2020-02493 - 3D Human Pose Estimation from a Single Image with Deep Learning
Le descriptif de l’offre ci-dessous est en Anglais

Type de contrat : CDD

Niveau de diplôme exigé : Bac + 5 ou équivalent

Fonction : Ingénieur scientifique contractuel

A propos du centre ou de la direction fonctionnelle

The Inria Rennes - Bretagne Atlantique Centre is one of Inria's eight centres and has more than thirty research teams. The Inria Center is a major and recognized player in the field of digital sciences. It is at the heart of a rich R&D and innovation ecosystem: highly innovative PMEs, large industrial groups, competitiveness clusters, research and higher education players, laboratories of excellence, technological research institute, etc.

 

Contexte et atouts du poste

The engineer will work closely with Dr. Adnane Boukhayma and Prof. Franck Multon. The work will be conducted at Inria Rennes in the MimeTIC research team. This position takes part in the KIMEA Cloud project, a collaboration between Inria Rennes and start-ups Moovency and Quortex. The goal of this project is to asses the risk of musculoskeletal disorders from a smartphone. The manufacturing industry is the sector most affected by musculoskeletal disorders, in particular due to repetitive gestures and frequent load transport. These companies do not necessarily have internal ergonomics resources and cannot always invest in technological tools. Given simply a video of the worker in his workstation, a Deep Learning based algorithm will estimate the 3D positions of the person’s joints. The musculoskeletal risks will be subsequently analyzed automatically from these 3D postures. The role of Inria in this project is to research and develop a robust solution for 3D human pose estimation from color images in the wild, particularly in the industrial context.

Mission confiée

3D human pose estimation is one of the fundamental problems and most active research areas in computer vision with various applications in many fields such as action recognition, human-machine interfaces, special effects and telepresence. Despite recent advances in the scientific community, monocular 3D human pose estimation in natural images remains far from being resolved.
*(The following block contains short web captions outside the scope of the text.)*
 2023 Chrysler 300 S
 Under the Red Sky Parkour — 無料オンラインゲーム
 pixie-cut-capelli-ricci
The recent surge of Deep Learning allowed a substantial improvement in the performance of state-of-the-art methods on 2D and 3D human pose estimation. In particular, a family of 3D pose estimators cast the problem as lifting from 2D to 3D predictions (e.g. [1,2,3,4]). They generally outperform the end-to-end counterparts since they benefit from the remarkable current performances of 2D pose estimators, and due in part to the lack of massive training image data with ground-truth 3D pose annotations. We propose to follow this direction at first, reproduce state-of-the-art results and explore further improvements and new approaches to allow in particular better generalization to natural images and challenging capture conditions, reducing dependencies to 2D predictions, and using incremental learning to update the learned models with new learning examples on the fly.
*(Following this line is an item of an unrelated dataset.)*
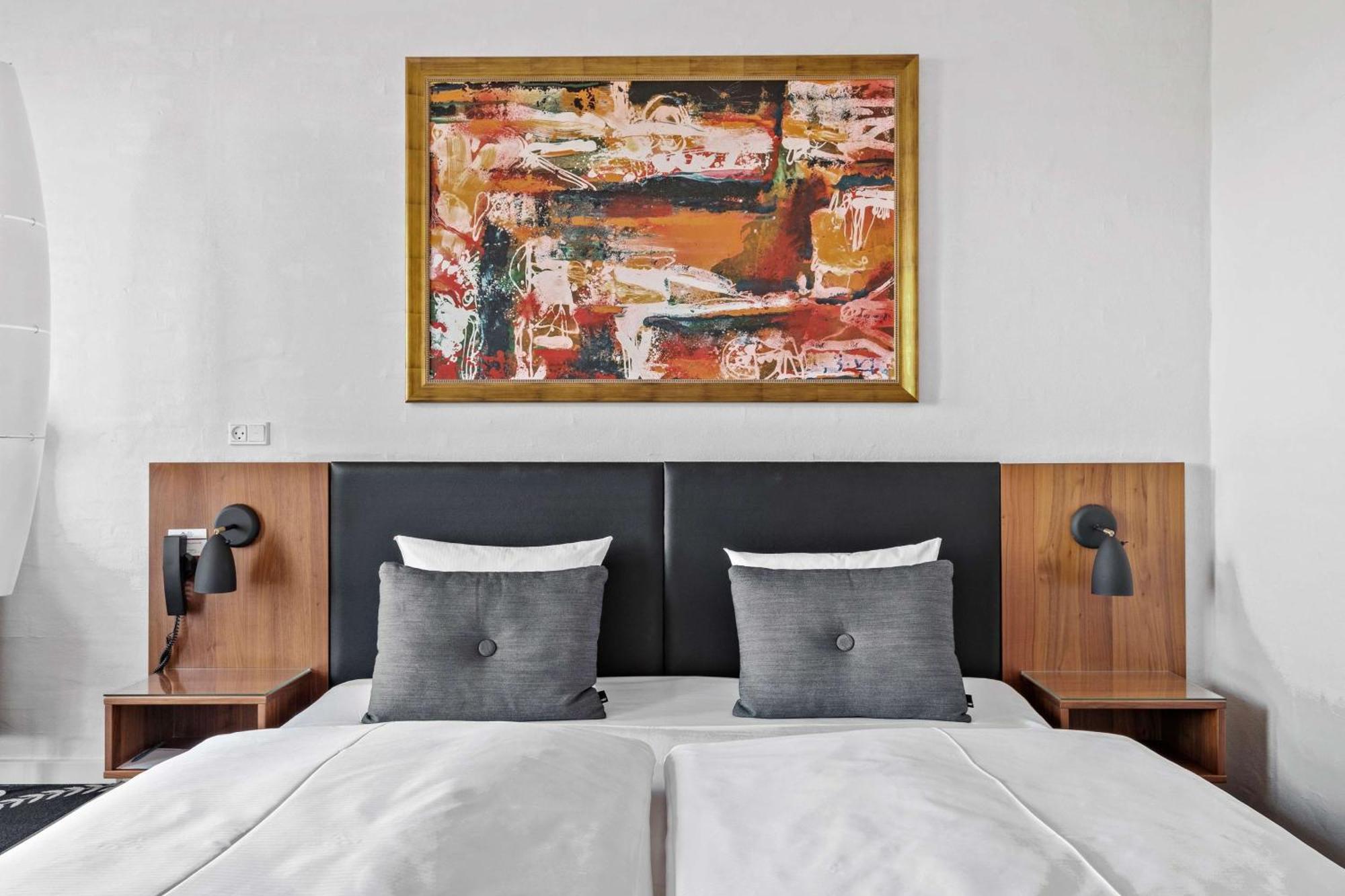 Best Western Plus Hotel Eyde Herning Bagian luar foto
Within this role, the engineer will lead the development of a deep learning based method for 3D human pose estimation from a single color image. He/she could also participate in the research part of the project. The results of these works are expected be published in top tier computer vision conferences such as CVPR, ICCV, ECCV, etc.
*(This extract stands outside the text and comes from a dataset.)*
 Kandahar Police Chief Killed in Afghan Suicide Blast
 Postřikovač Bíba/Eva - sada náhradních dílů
We propose the following course of action:

  • 2D to 3D pose estimation lifting:
    Developing a Deep Learning method allowing to obtain 3D poses from 2D poses. This task notably involves generating a simulated 2D/3D learning set from 3D motion capture. The challenges are to be able to manage erroneous 2D skeletons in the event of large occlusions, and the multitude of possible 3D points of view.
  • Combining end-to-end 3D pose estimation and 2D-3D lifting:
    Developing a Deep Learning method for 3D human pose estimation that can learn simultaneously from image/3D, image/2D and 2D/3D annotation pairs. Test cases include industrial postures and environments, as well as severe capture conditions.
  • Incremental learning:
    Developing a method that allows the learning models to adapt in an incremental way to new learning data without forgetting their existing knowledge. The objective is to avoid relaunching a total learning of the Deep Learning network with each new example that we would like to add.

[1] Multi-person 2d and 3d pose detection in natural images. TPAMI, 2019.
[2] 3d human pose estimation = 2d pose estimation + matching. CVPR, 2017.
[3] A simple yet effective baseline for 3d human pose estimation. ICCV, 2017.
[4] 3d human pose estimation in the wild by adversarial learning. CVPR, 2018.

Principales activités

The engineer will be tasked with:

  • Developing a program allowing 3D human pose estimation from single color images in the wild. The solution will be tested on industrial use cases with possible occlusions and extreme capture situations.
  • Depending on the progress of the project, developing an incremental learning solution allowing the aforementioned 3D pose estimation model to learn from new example cases without the need to retrain on all data, and without any loss in the models performance.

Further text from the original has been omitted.